Each line starting at the one that contains "Stylish Fairy Pink" and ending at the one that contains "For Huawei Mate" must be returned exactly, and the rest of the listing is left out.

● **Data for analysis**:

..........

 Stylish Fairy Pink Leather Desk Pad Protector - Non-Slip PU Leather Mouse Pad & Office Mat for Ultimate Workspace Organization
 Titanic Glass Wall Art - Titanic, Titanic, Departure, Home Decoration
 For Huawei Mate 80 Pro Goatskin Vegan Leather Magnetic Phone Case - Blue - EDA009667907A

..........

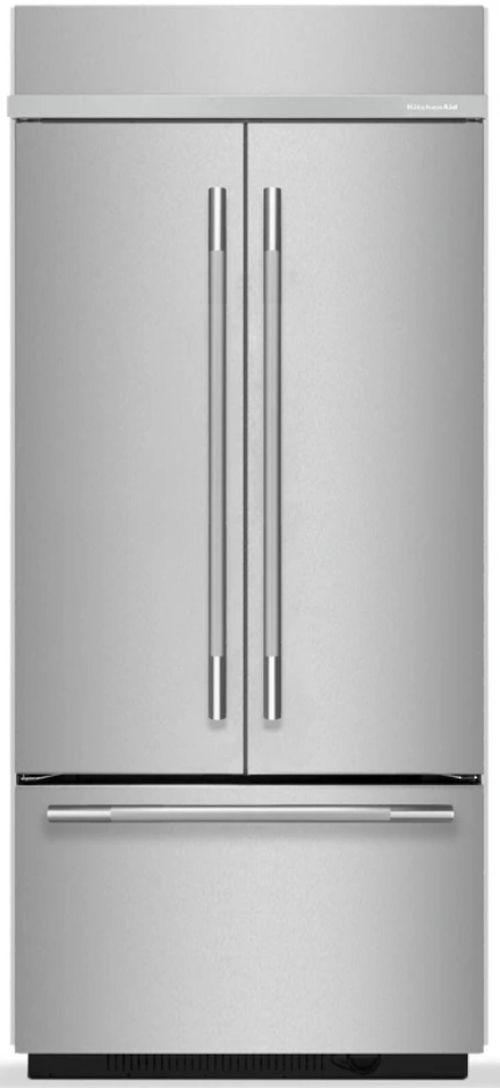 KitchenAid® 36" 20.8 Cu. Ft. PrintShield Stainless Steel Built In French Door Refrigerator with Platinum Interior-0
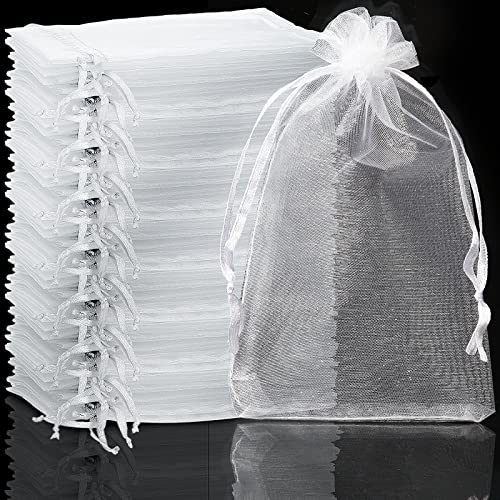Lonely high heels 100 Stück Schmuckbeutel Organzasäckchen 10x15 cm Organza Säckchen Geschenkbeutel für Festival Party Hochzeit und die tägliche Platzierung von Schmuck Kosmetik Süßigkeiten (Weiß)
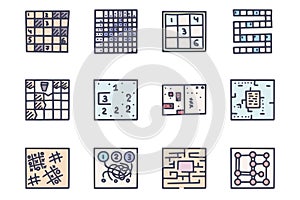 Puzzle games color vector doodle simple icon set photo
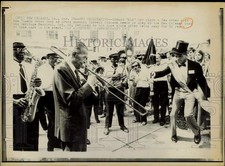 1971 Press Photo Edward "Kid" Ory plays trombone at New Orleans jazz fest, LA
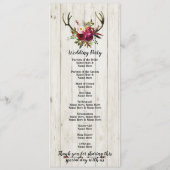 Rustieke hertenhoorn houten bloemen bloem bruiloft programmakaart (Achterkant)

..........

● **Result**:
 Stylish Fairy Pink Leather Desk Pad Protector - Non-Slip PU Leather Mouse Pad & Office Mat for Ultimate Workspace Organization
 Titanic Glass Wall Art - Titanic, Titanic, Departure, Home Decoration
 For Huawei Mate 80 Pro Goatskin Vegan Leather Magnetic Phone Case - Blue - EDA009667907A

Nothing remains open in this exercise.